Elles y sont comme il se doit placées en exergue, l’une toutefois
plus que d’autres, puisqu’elle est en exergue de tout le livre En
exergue même – on ne s’étonnera pas de la devoir à
Borges : « Je constate avec une sorte de mélancolie
douce-amère que tout au monde me ramène à une citation ou à un
livre. » Certaines sont tellement dignes d’être en exergue
qu’elles ne le sont pas : en gros caractères, elles
remplissent leur propre page, nous laissant à penser que c’est à
nous de penser.
Car
les autres vont par paire, se répondant, se faisant écho ou faisant
mine de s’opposer ; et c’est cette paire même – une
citation en regard d’une autre – qui donne matière à la
réflexion de l’auteur, dans un commentaire également double :
x par rapport à y, y par rapport à x.
Et
voici que, dès la page 11, après un développement généré par la
rencontre sur une page de Guy Bennett de deux réflexions sur ce
qu’est l’écriture respectivement de Marguerite Duras et Claude
Roy, en vient un autre, inspiré sur le même sujet (qui l’est
toujours sans jamais l’être jamais, c’est juste l’infini ce
truc) par Laure Limongi et Eve Sauze-Chapel. Or, là où l’on
n’attendait que le dialogue entre ces deux dernières, voici que
vient s’insérer une parenthèse (au diable ces parenthèses !)

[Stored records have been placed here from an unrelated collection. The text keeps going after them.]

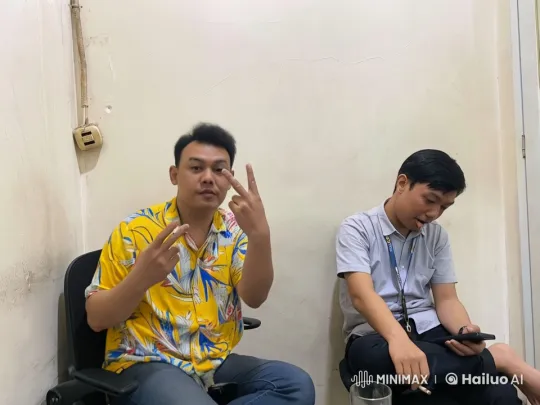 Live2D Animation: Kung Fu Practice and Casual Moment – AI Generated Video | Hailuo AI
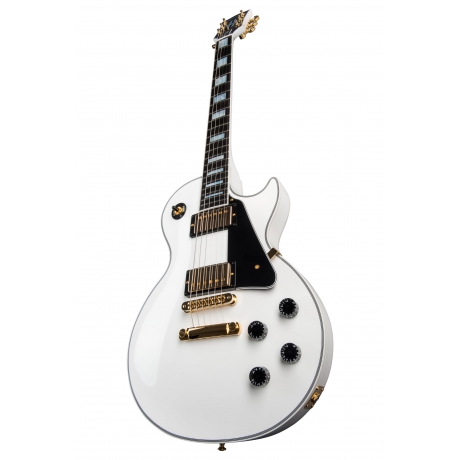 Gibson Les Paul Custom Elektro Gitar (Alpine White)<br>Fotoğraf: 2/4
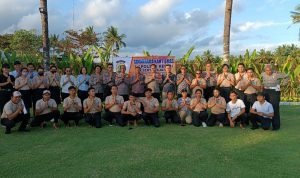 Kunjungi Villa Glemping, Kapolsek Kediri Himbau Jaga Situasi Kamtibmas dan Disiplin Prokes 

dans laquelle s’ouvrent des guillemets : on y lit une autre
citation encore, laquelle n’est pas en exergue, c’est une petite
esseulée, ou une petite bien entourée. Je vous recopie cette
parenthèse, en voici une au moins qu’on ne pourra pas m’imputer :
« (comme
Philippe Annocque l’a remarqué, « Écrire, c’est lire
avant même que ce soit écrit ».) »
Oui,
vous avez bien lu : il semblerait que l’auteur de cette
citation soit aussi l’auteur de ce billet. J’écris « il
semblerait » car j’avoue ne plus savoir où j’aurais écrit,
ou prononcé, cette phrase, ni même si elle est vraiment de moi.

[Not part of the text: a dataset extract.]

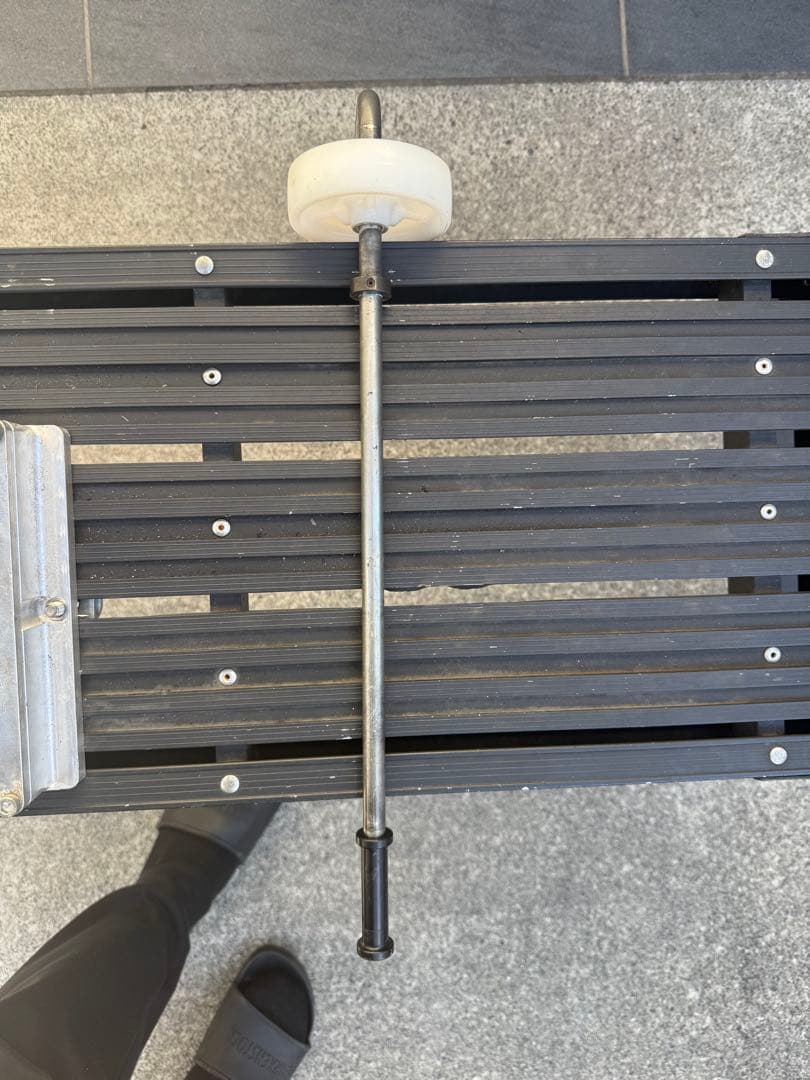 タイヤチェンジャー　レーシングカート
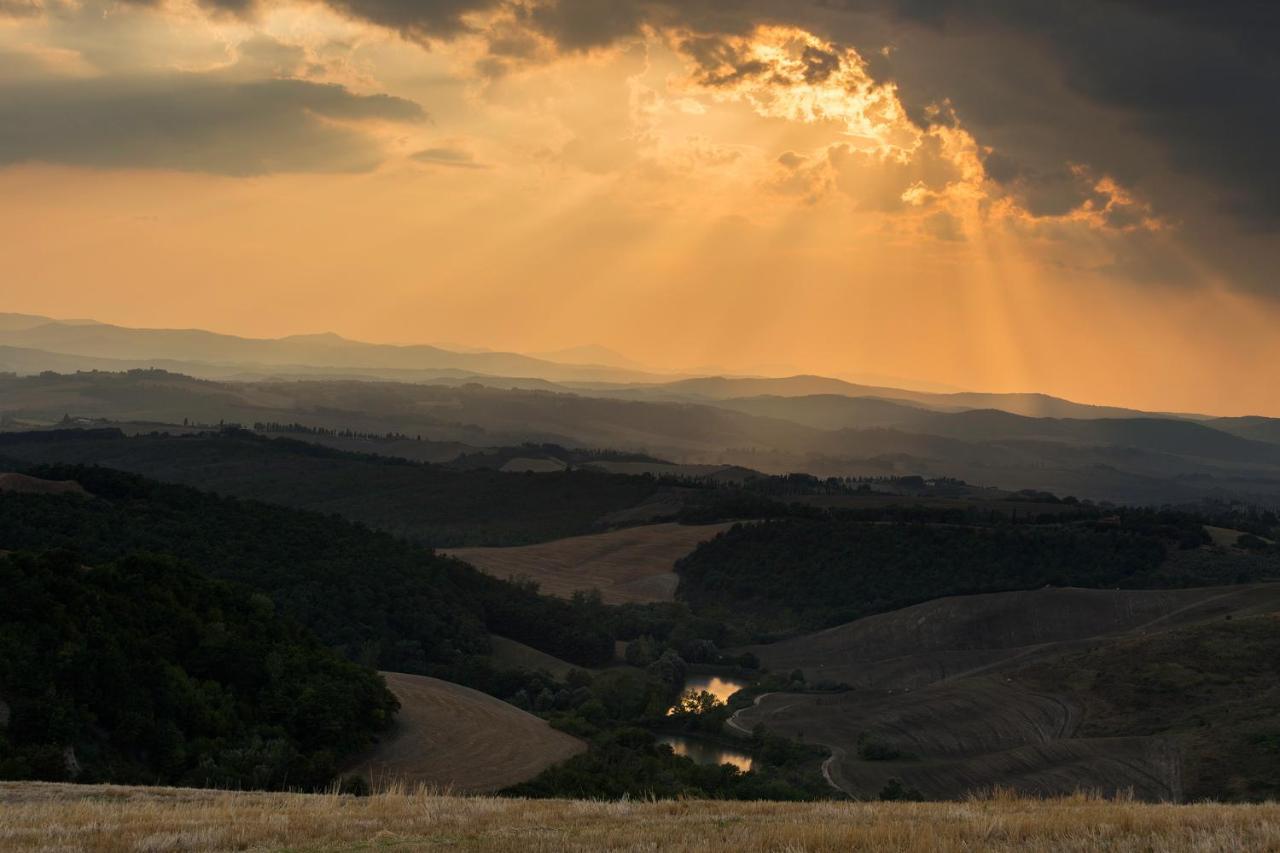 Вилла Fattoria Pieve A Salti Буонконвенто Экстерьер фото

Mais comme j’ai par principe toute confiance en l’auteur, je fais
confiance à Guy Bennett : cette citation doit être de moi.
D’ailleurs, si je m’interroge, je dois bien reconnaître qu’elle
pourrait l’être. Je pourrais très bien avoir écrit « Écrire,
c’est lire avant même que ce soit écrit ». Cela correspond
à quelque chose que je pense, ou que je sens. Dès lors, pourquoi
cet instant de doute (indépendamment du fait que je doute de tout ce
qui me concerne – mais cela ne concerne que moi) ? C’est
très certainement, c’est indiscutablement lié à la pratique même
de la citation. On extrait une phrase de son contexte (mais si on le
fait, c’est parce que l’auteur lui-même a rendu possible cette
extraction ; l’auteur a préparé dans son texte les citations
potentielles – certains même le font d’une manière un peu
pathétique), j’ai rendu possible cette extraction. La citation est
une phrase qui n’est plus vraiment de l’auteur qui l’a écrite ;
elle est presque davantage de l’auteur qui la cite – du moins
est-ce ainsi que je vois les choses quand je me vois cité. Plus
encore, la citation, avec cette forme aphoristique qui la caractérise
souvent, a été, consciemment ou non, écrite pour être détachée
de son contexte, pour être citée. Le présent gnomique, l’emploi
d’un déterminant à valeur générale, tout cela détache la
future citation de la singularité du texte. C’est une phrase
démontable prévue pour l’usage commun.
Ce
billet est déjà démesurément long, aussi m’arrêterai-je ici,
alors que je n’ai encore rien dit ou presque d’En exergue.
Ou peut-être que si ? Lisez-le et dites-moi.